Открыто, доверчиво смотрела девушка ему в глаза.
— А где ты был сегодня?
— Я тоже… в гости ездил, к своим…
— К родителям?
— Нет, старики мои далеченько отсюда: рыбачат на Кинбурнской косе… У товарищей был, у машинистов.
Месяц поднимался все выше. Голубоватой серебристой дымкой наполнилась степь, раскинувшись перед ними, как море. Разогретые взаимным теплом, все теснее прижимаясь друг к другу, шли они куда-то наугад, под высокие звездные своды своих степных светлиц… Стоном отозвалась из табора матросская перламутровая гармонь.
— Прокошка?
— Нет, это Андрияка…
И, переглянувшись, счастливо засмеялись оба.
Досыта натешились в тот вечер свободной гармоникой Андрияка с Прокошкой, попеременно растягивая мехи, призывая таборных доярок, приходивших на гулянку в черевичках, не жалеть каблуков.
Но танцы были не те. Без задора, невесело веселились девушки, то и дело задумчиво поглядывая в степь, светлую, почти перламутровую, залитую до самого горизонта таинственным лунным сиянием.
Валерик и Мурашко прочищали в чаще один из арыков, шедший на восточную окраину парка. Вооруженные лопатами, они выбирали из канавы ил, поправляли стенки, шаг за шагом продвигаясь вперед. Внизу под густой листвой было тихо, свежо, а вверху стоял неумолчный шум и ветви поскрипывали, как снасти: третий день над степями дул суховей.
— Иван Тимофеевич, правда, что по этим арыкам вода течет днепровская? — спросил Валерик, присев и поправляя руками стенку. — Привалов говорил, что они у себя на водокачке даже днепровских сомов иногда выкачивают…
— Привалов скажет! — улыбнулся Мурашко. — Сомы не сомы, а что днепровская, то на этом мы все сходимся…
— Почему ж тогда она горит?
— Где горит? Ты имеешь в виду новую скважину, которую третьего дня пробили? Там действительно горит…
— Поднесешь спичку — так и вспыхнет!
— Послушали своего заезжего консультанта, полезли в сарматские известняки… Мы с Приваловым еще тогда говорили, что это напрасная трата сил. Так оно и вышло…
— А разве водокачка не из сарматских известняков берет?

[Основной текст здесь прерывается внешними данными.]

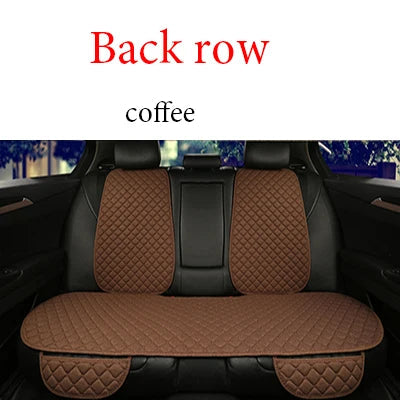 Universal Car Seat Cover Protector Linen Front Rear Back Flax Summer Cushion Pad Mat Sedan Suv Pick-up Car Interior Accessories My Store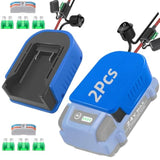 2Pcs For Kobalt 24V Battery Adapter,For Power Wheels Adaptor,Diy Charger Drill Adapter Converter For Kobalt Battery Power Station,Conversion Kit With Switch,For Robotics Rc Truck Car Toys Batteries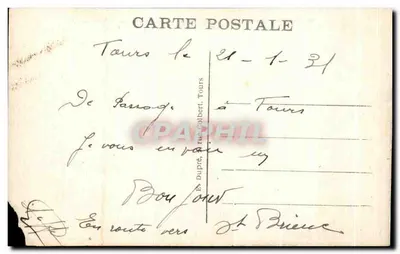 Tours (Indre-et-Loire) — Visão panorâmica sobre a Loire — A.P. — Verso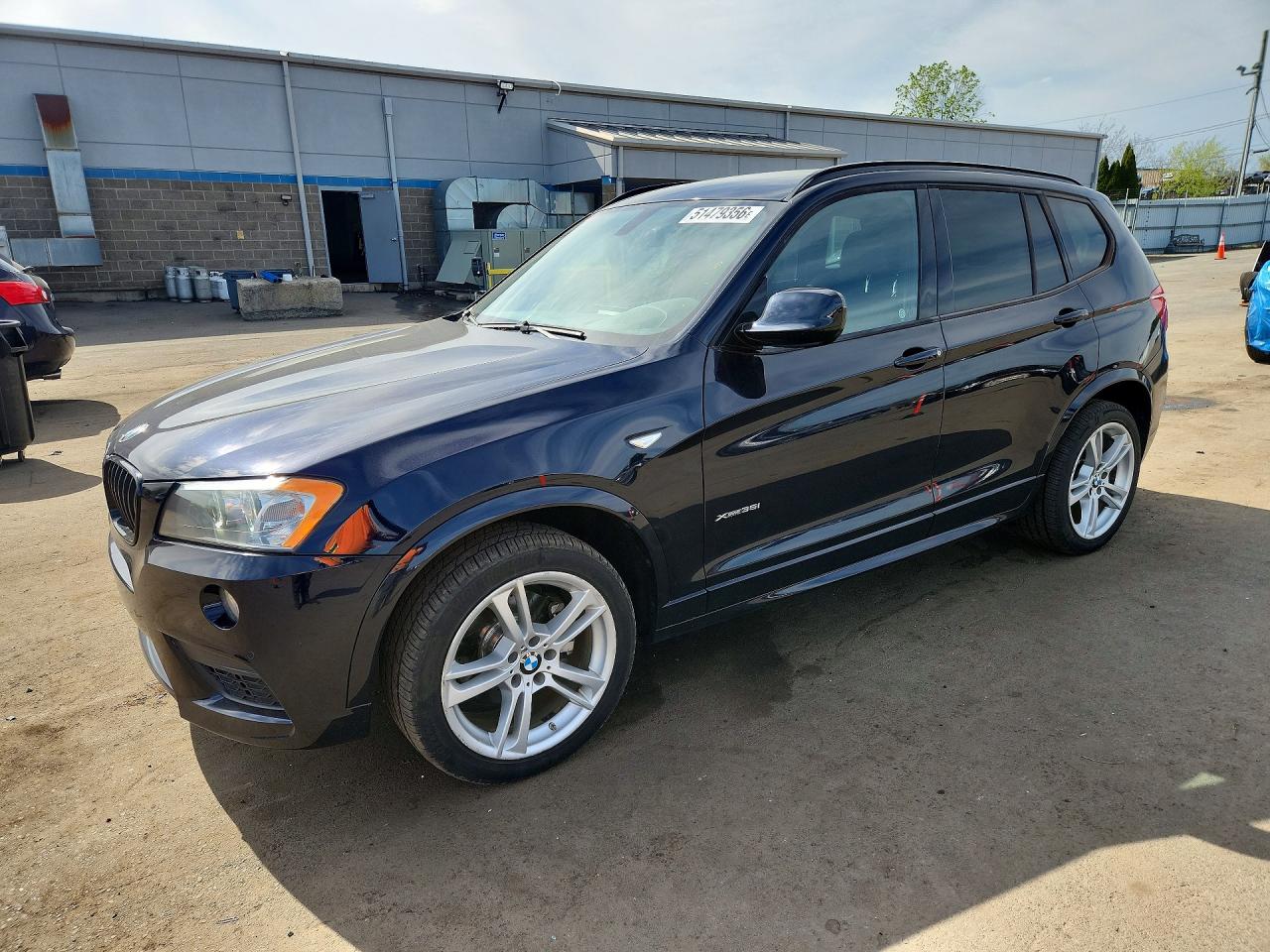 2013 Bmw X3 Xdrive35i Black vin: 5UXWX7C51DL981562
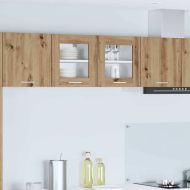 Висящ шкаф с врата Riga Дъб 40 x 31 x 40 см Инженерно дърво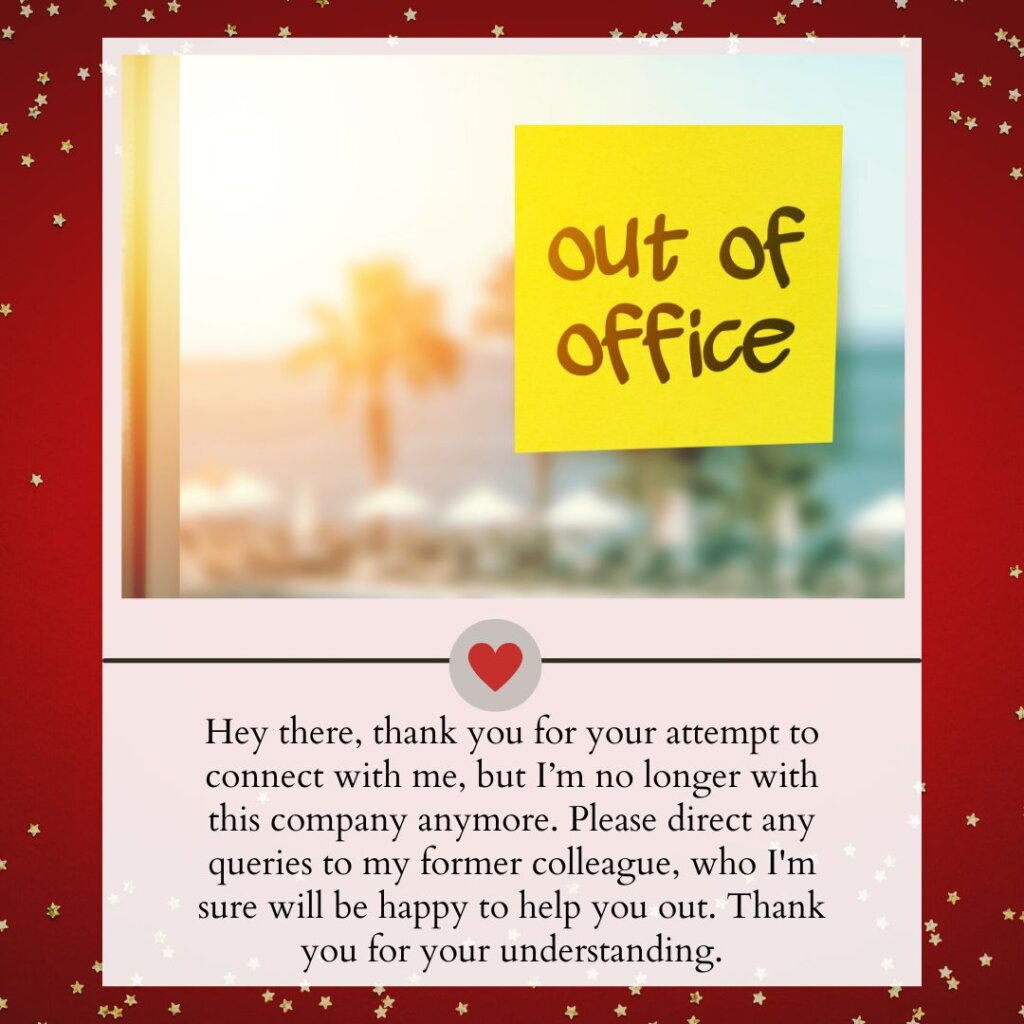 Out of Office Message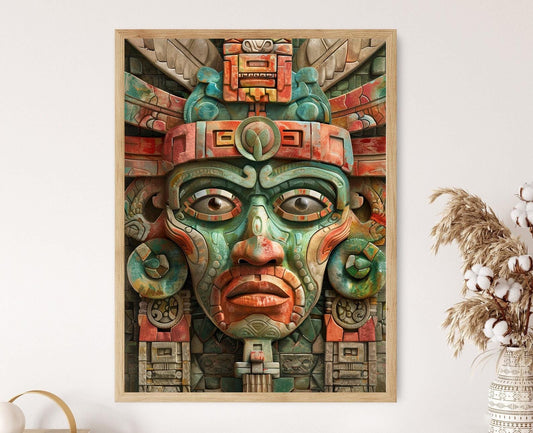 Affiche Héritage Aztèque – Art Indigène Authentique pour Décor Cultural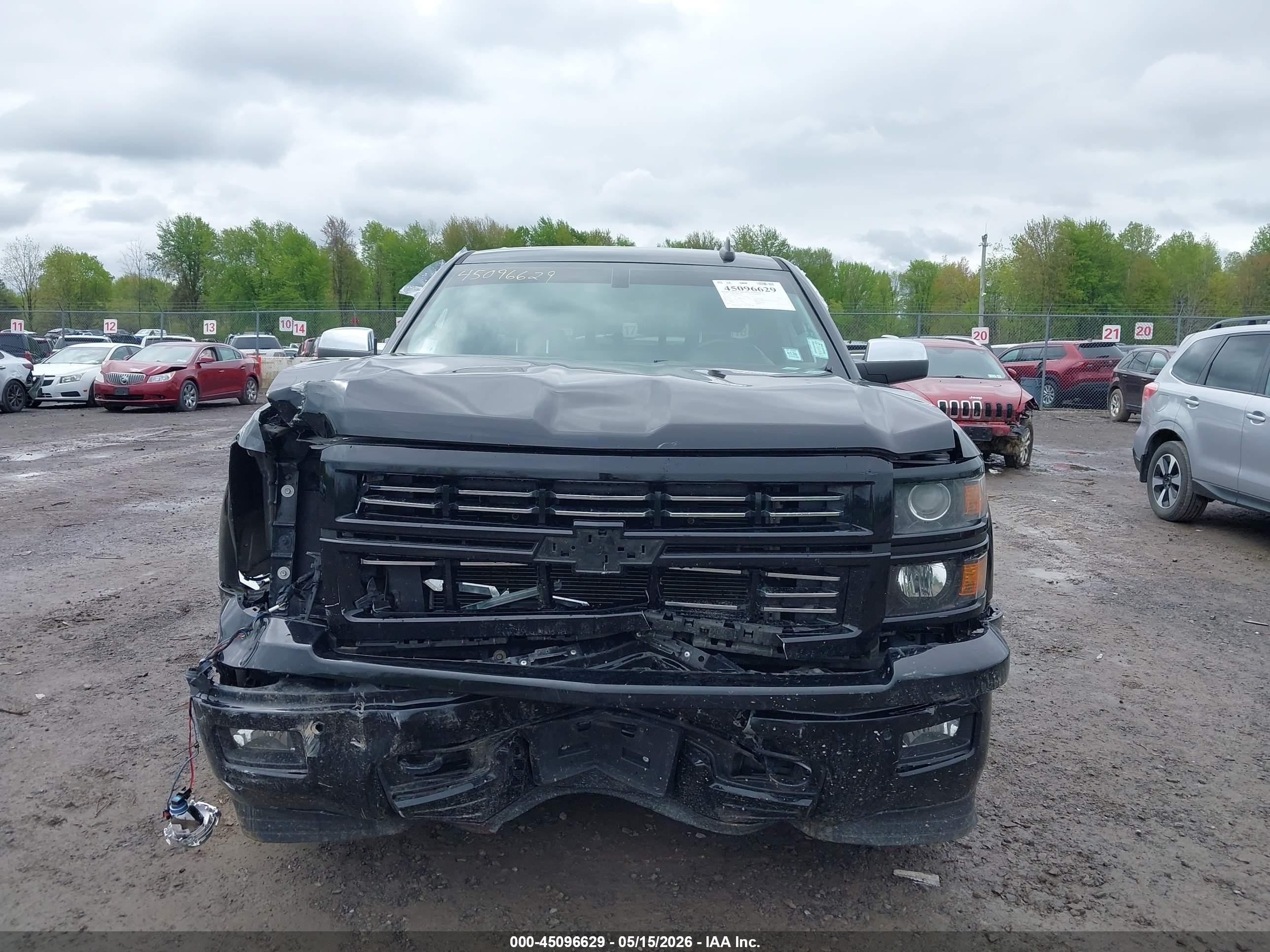 2015 Chevrolet Silverado 1500 2lz Black vin: 1GCVKSEJ7FZ433428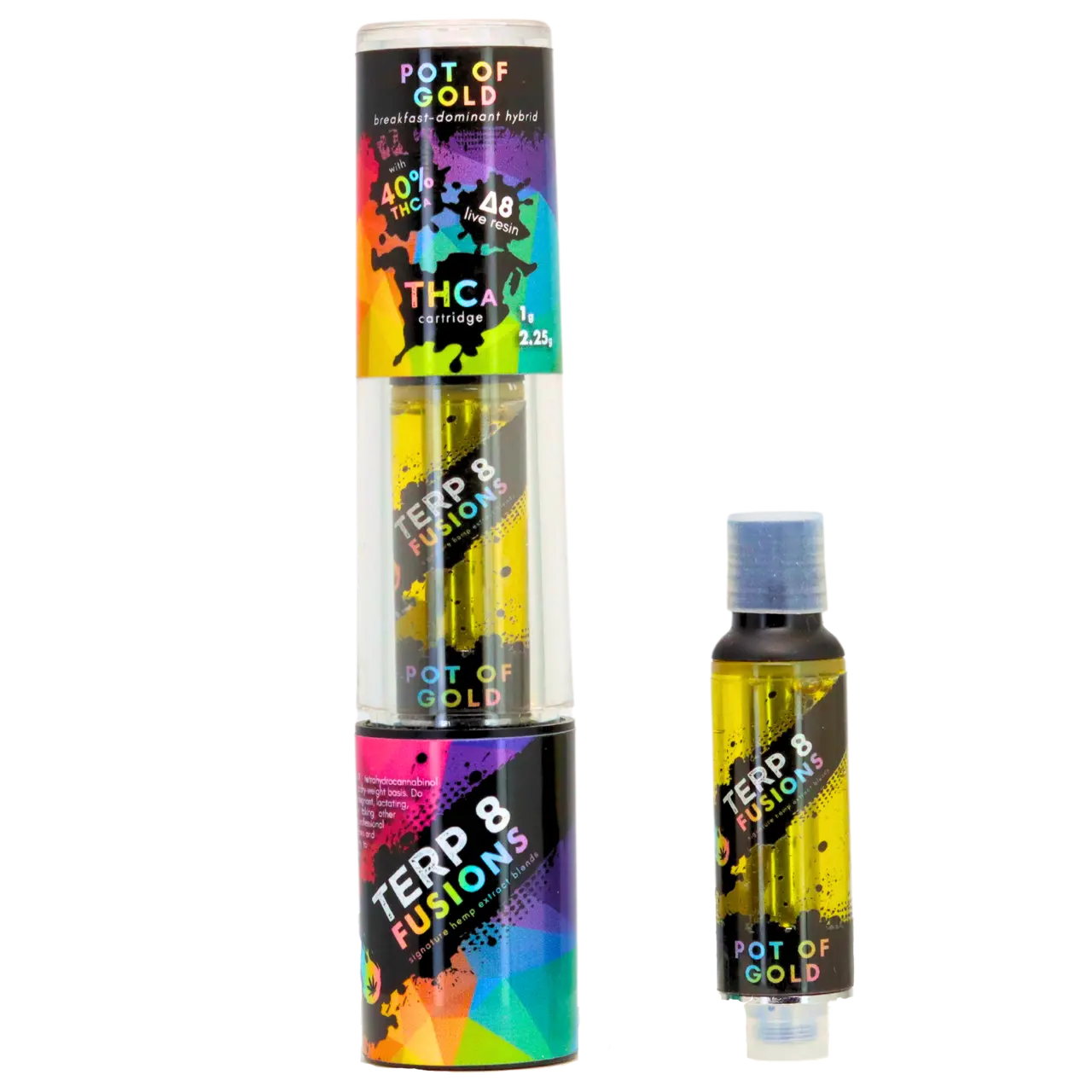 2.25-Gram Pot of Gold THCA + D8 Live Resin Cartridge Smoke Drop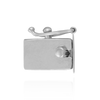 Heavy Box Clasps with Push Button and Safety (6.5 mm - 10 mm)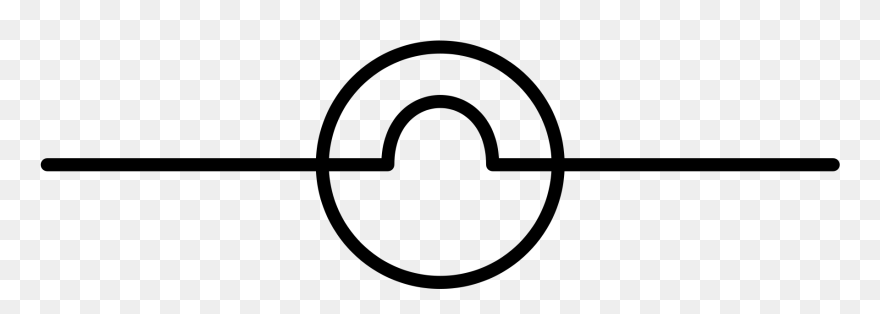 Ammeter Symbol - Symbol For A Lamp Clipart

— Видишь ли, Валерий, в чем дело… Представь себе на минуту разрез почвы, — нагнувшись, Мурашко принялся чертить лопатой схему возле канавки. — Первая вода под нами будет грунтовая. Мы ее называем верховодкой. Ею питаются все наши степные колодцы, те, что с деревянными, допотопными барабанами… Асканию верховодка удовлетворить не может: ее мало, на вкус она плохая, к тому же залегает довольно глубоко. Но еще глубже, вот тут под нами, проходит в известняках понтийского яруса мощный артезианский горизонт. Все в Аскании держится на нем, на этом горизонте. Из него Привалов как раз и гонит Днепр в наши парки!..
— Днепр… Откуда — и куда! — прошептал пораженный Валерик.
— Мы знаем, что понтийские известняки очень пористые, — продолжал Мурашко. — В их поры и заходит где-то возле Каховки днепровская вода и потом уже движется под степью сюда, как по трубам… На эту воду, Валерик, вся наша надежда, именно в этом направлении должна работать мысль… А они, наслушавшись немца, решили залезть черт знает куда, в сарматские известняки, думая, что оттуда вода сама пойдет на поверхность… Ну вот и получили! Оказалось, что и воды там пшик, да еще вонючая, с сероводородом…
— Ах, вот как, — воскликнул Валерик, догадавшись, почему вода из этой скважины горит. — Да хотя бы уж горела как следует… А то перебьешь струю ладонью — и погасло…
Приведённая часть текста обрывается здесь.